*** Opening of Data in this exercise ***

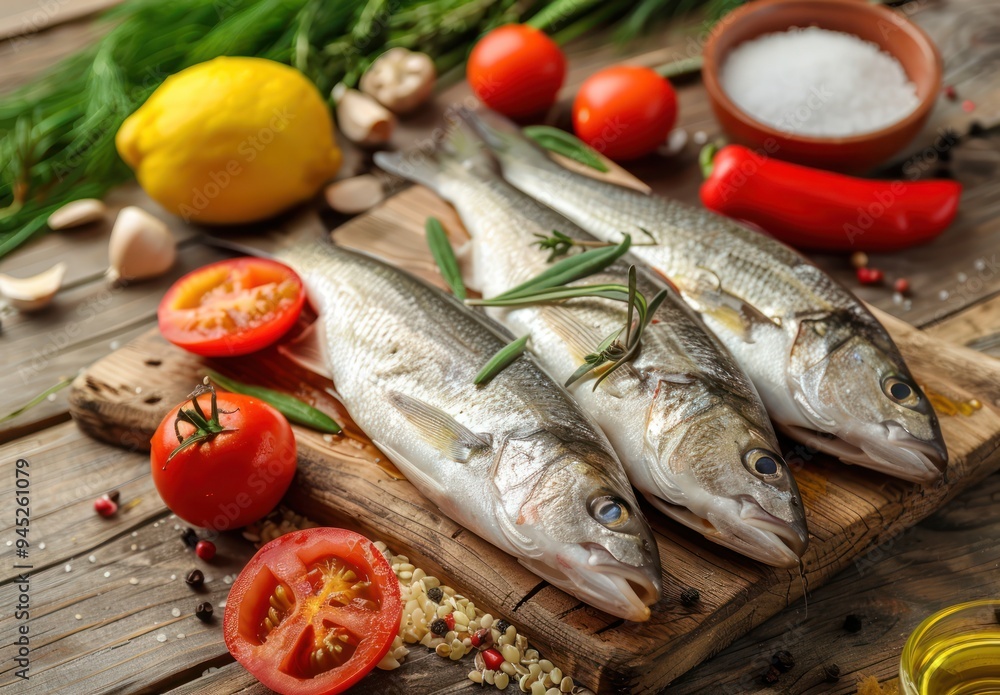 Fresh Fish on a Wooden Cutting Board Fresh Fish on a Wooden Cutting Board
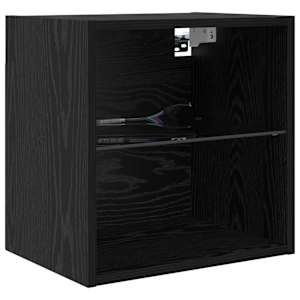 Televizní skříň s LED pásovými světly 8 pcs Černý dub Sklo - obrázek 6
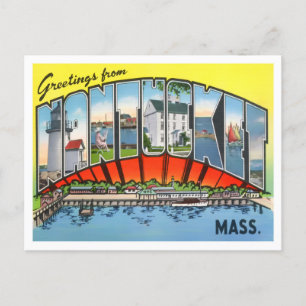 Nantucket, Massachusetts  Big Letters Briefkaart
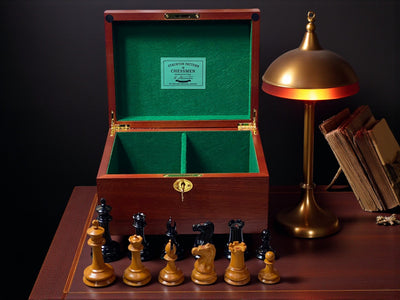 Antique Leuchars Chessmen - Mahogany Deluxe Box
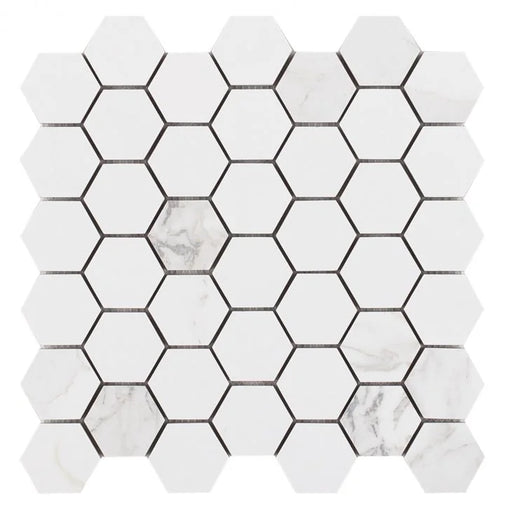 Calacatta Dorado 2x2 Hexagon Marble Look Porcelain Mosaic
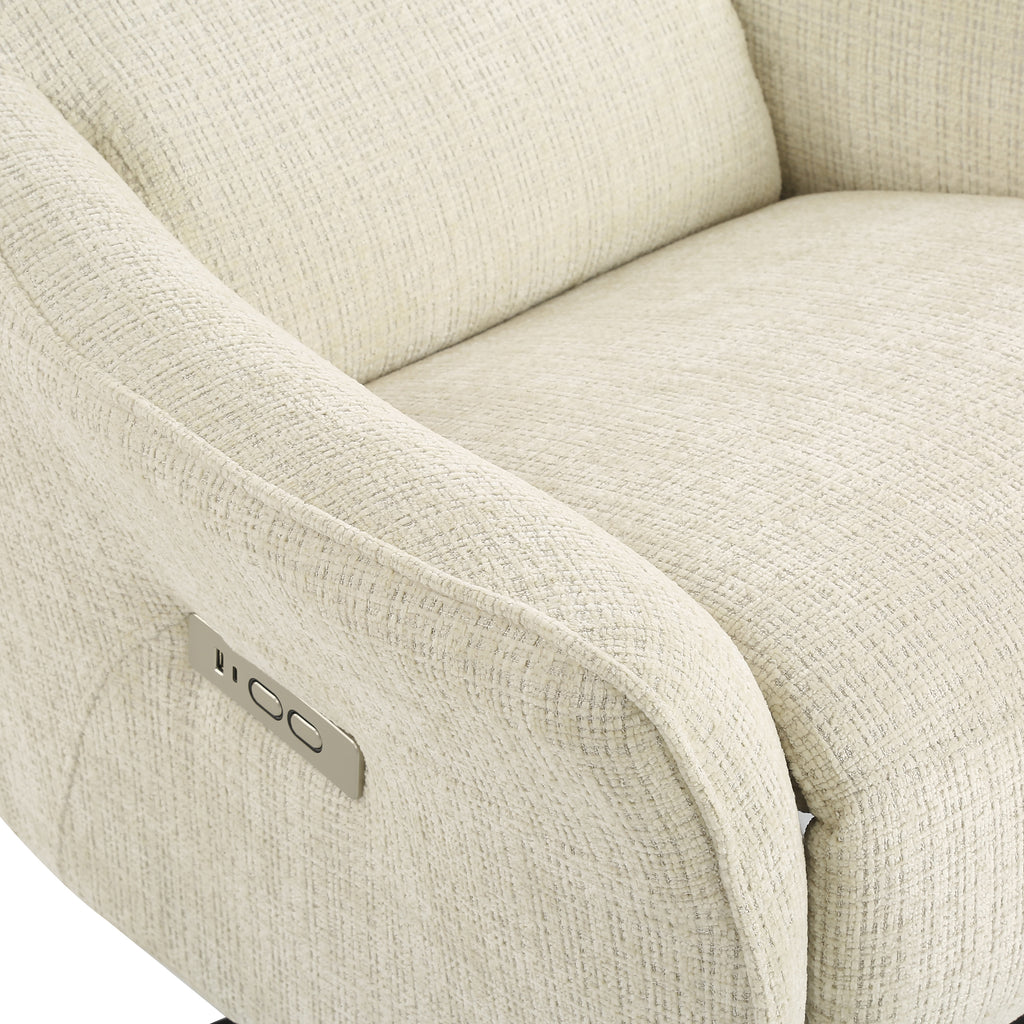 Electric Recliner Swivel Armchair Cochyre 1 Seater Fabric Light – Beige
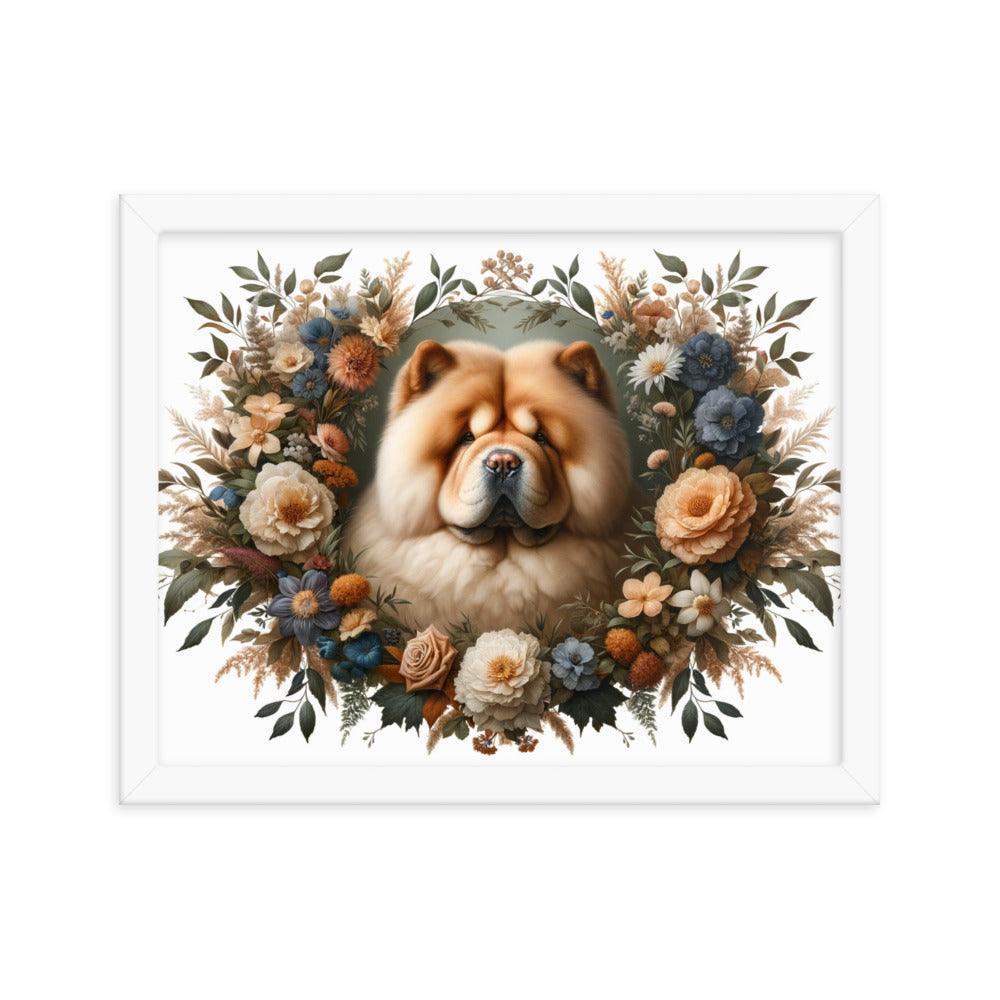 Chow Chow in Detailed Floral Frame with Natural Colors Framed Poster - Oh Posters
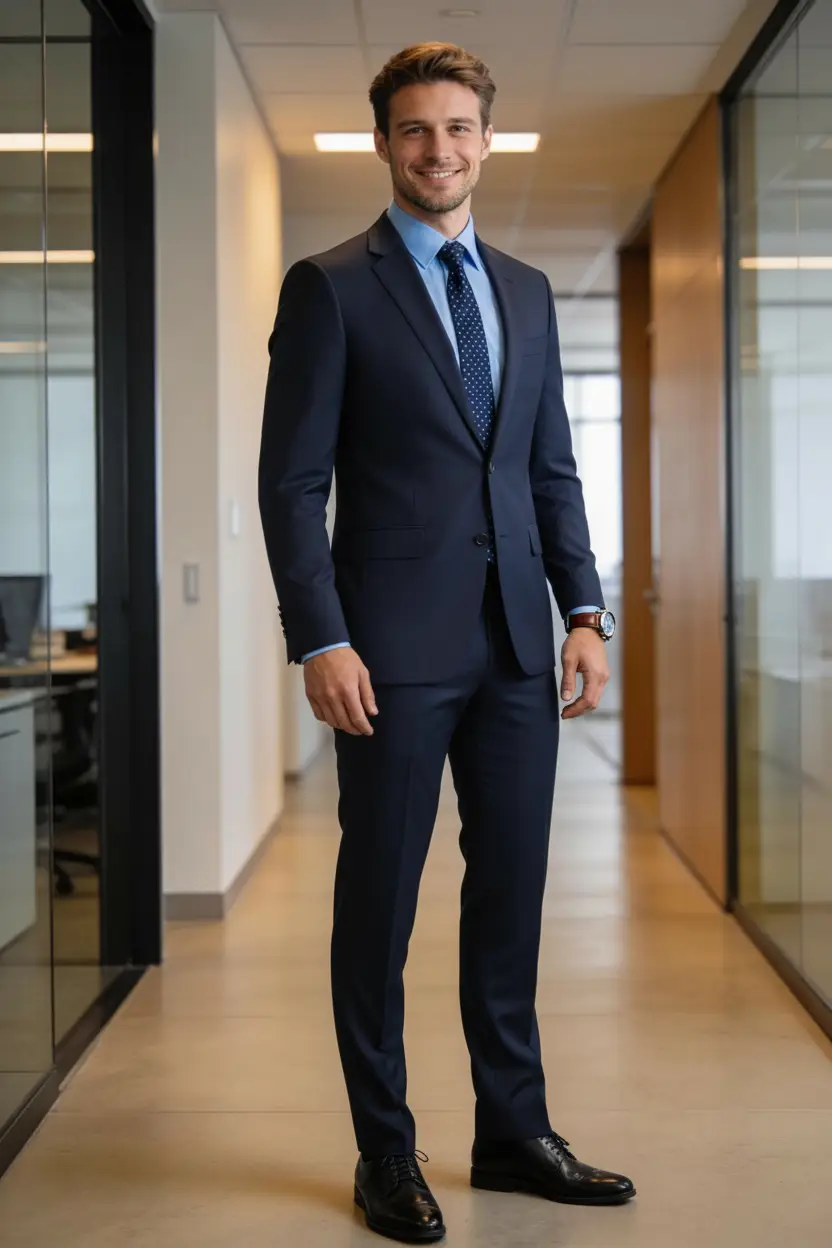 A professional man in the Fraser Valley wearing a custom made-to-measure outfit that is part of his capsule wardrobe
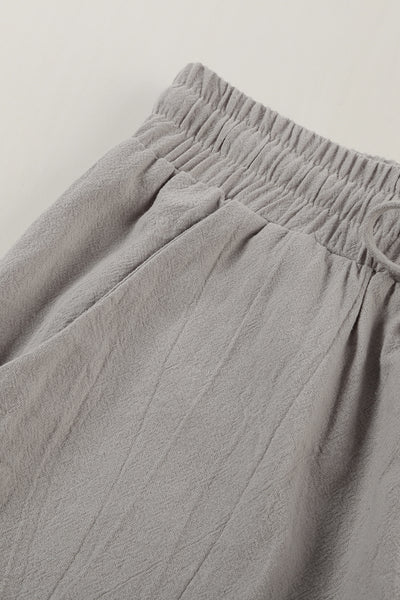 Gray Drawstring Straight Leg Pants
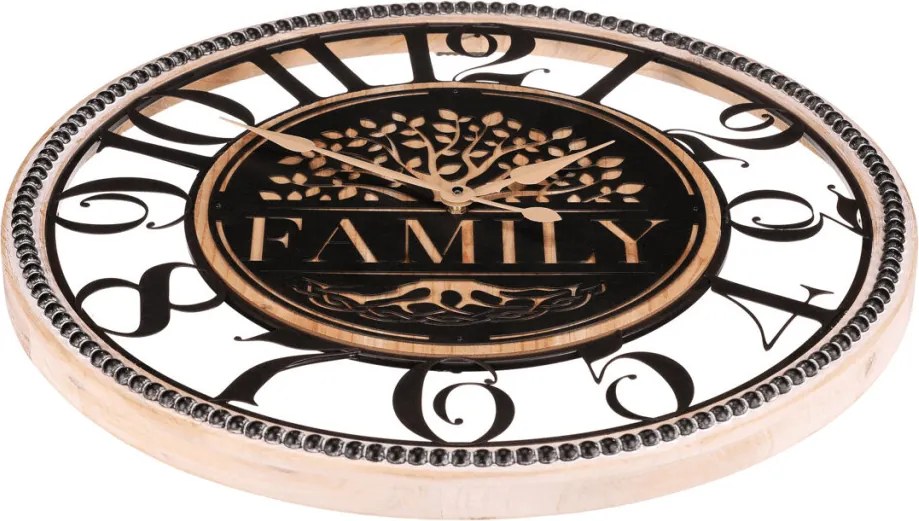 Falióra 60 cm átmérő fa és fém életfa mintával Family felirattal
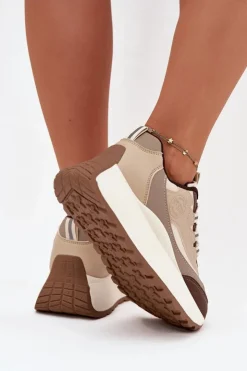 Damskie Big Star Shoes Sneakersy Damskie Na Platformie Big Star SS274002 HI-POLY SYSTEM Beżowe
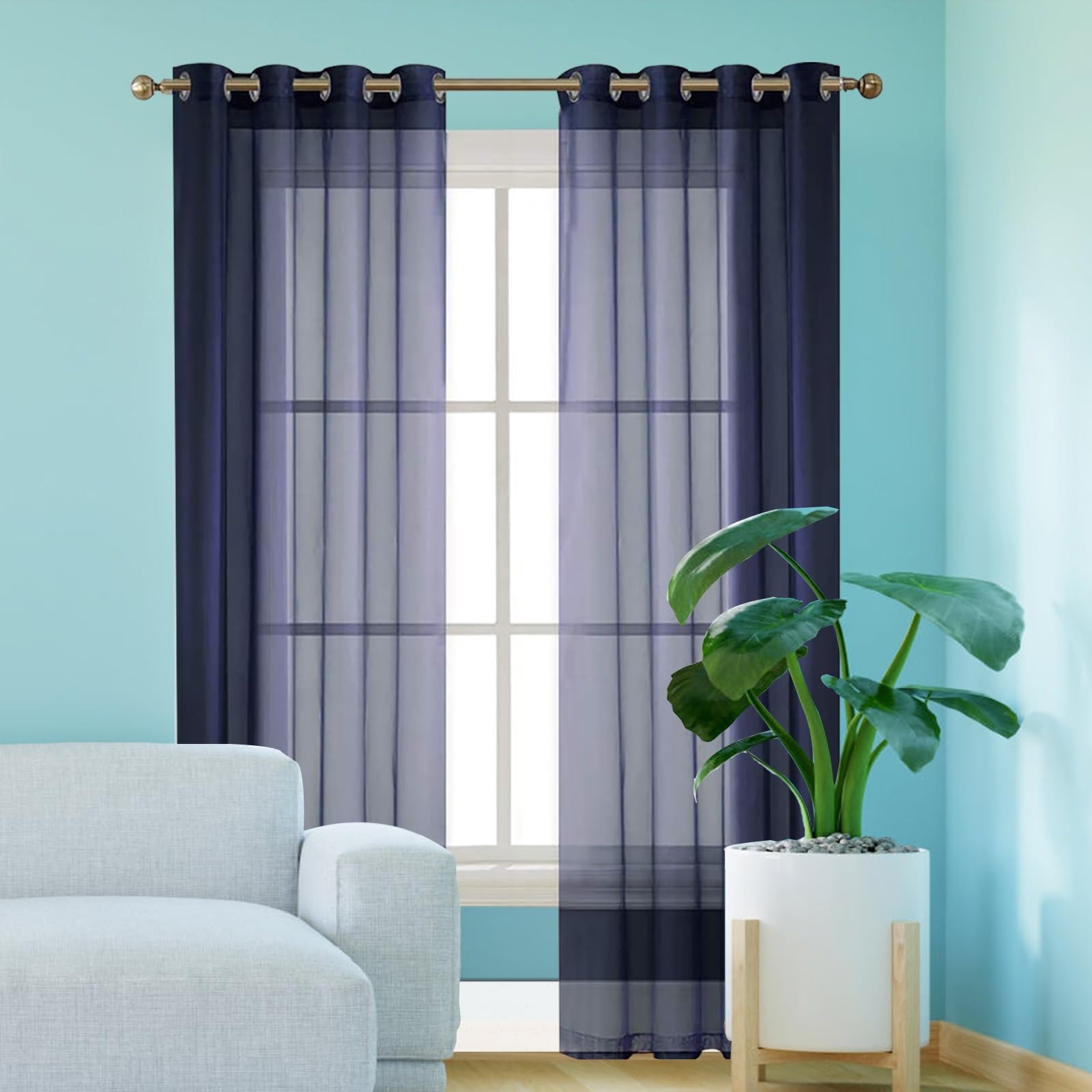 GAIFNAG Snow White Sheer Curtains 180 x 225 cm Super Soft Thermal Insulated Window Treatment Eyelet Bedroom Curtains for Bedroom and Living Room, Navy Blue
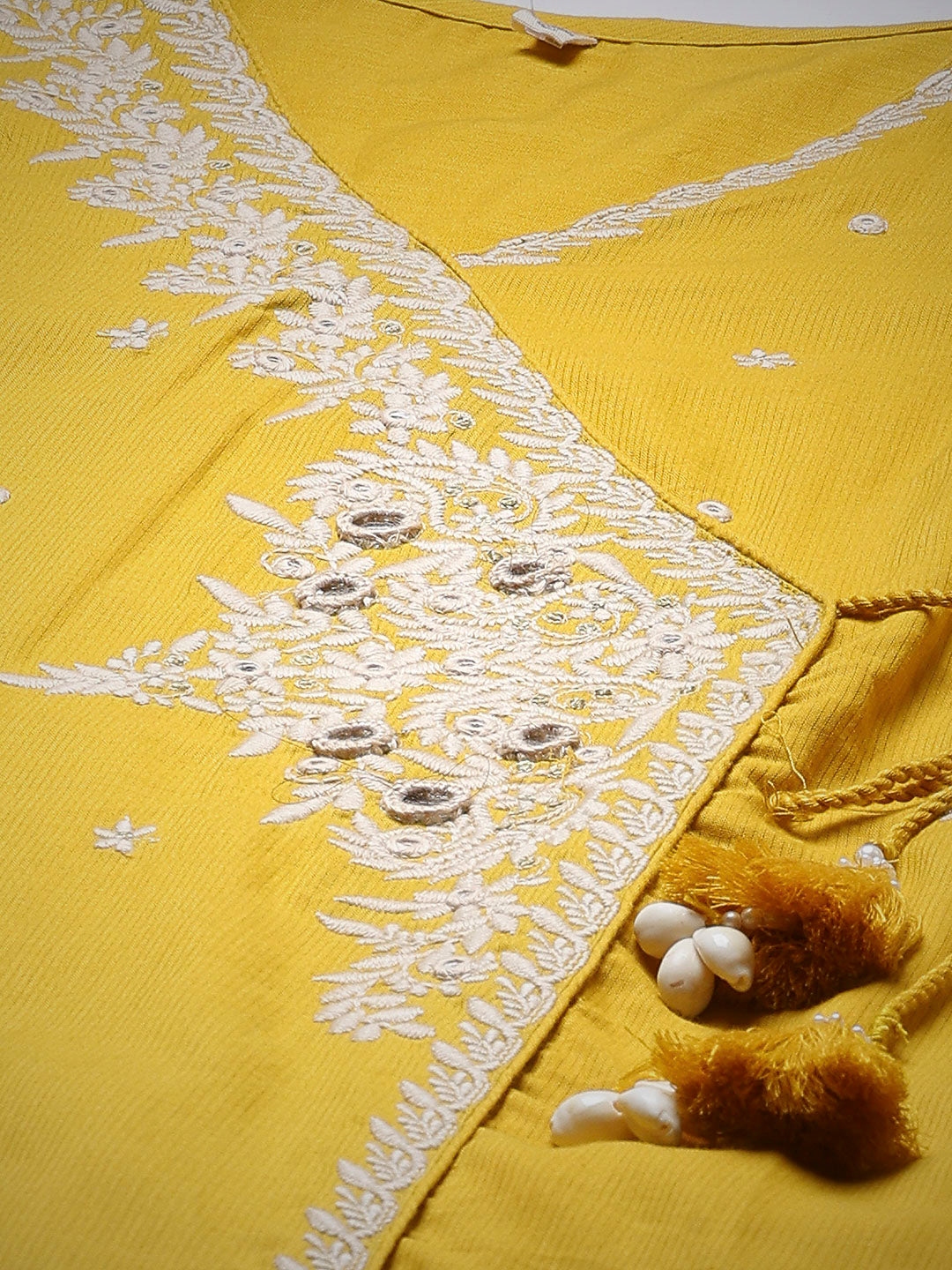 Embroidered Cotton Kurta With Pant &amp; Dupatta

*** Close of Data in this exercise ***

§ **Task goal**:
Pictures are to be left out; repeat all the remaining data exactly.

§ **Task response**:
 Fresh Fish on a Wooden Cutting Board Fresh Fish on a Wooden Cutting Board
 Televizní skříň s LED pásovými světly 8 pcs Černý dub Sklo - obrázek 6
 Nantucket, Massachusetts  Big Letters Briefkaart
 Antique Leuchars Chessmen - Mahogany Deluxe Box
 Calacatta Dorado 2x2 Hexagon Marble Look Porcelain Mosaic
 Electric Recliner Swivel Armchair Cochyre 1 Seater Fabric Light – Beige
 Chow Chow in Detailed Floral Frame with Natural Colors Framed Poster - Oh Posters
 A professional man in the Fraser Valley wearing a custom made-to-measure outfit that is part of his capsule wardrobe
 Gray Drawstring Straight Leg Pants
 Falióra 60 cm átmérő fa és fém életfa mintával Family felirattal
 Damskie Big Star Shoes Sneakersy Damskie Na Platformie Big Star SS274002 HI-POLY SYSTEM Beżowe
 GAIFNAG Snow White Sheer Curtains 180 x 225 cm Super Soft Thermal Insulated Window Treatment Eyelet Bedroom Curtains for Bedroom and Living Room, Navy Blue
 Embroidered Cotton Kurta With Pant &amp; Dupatta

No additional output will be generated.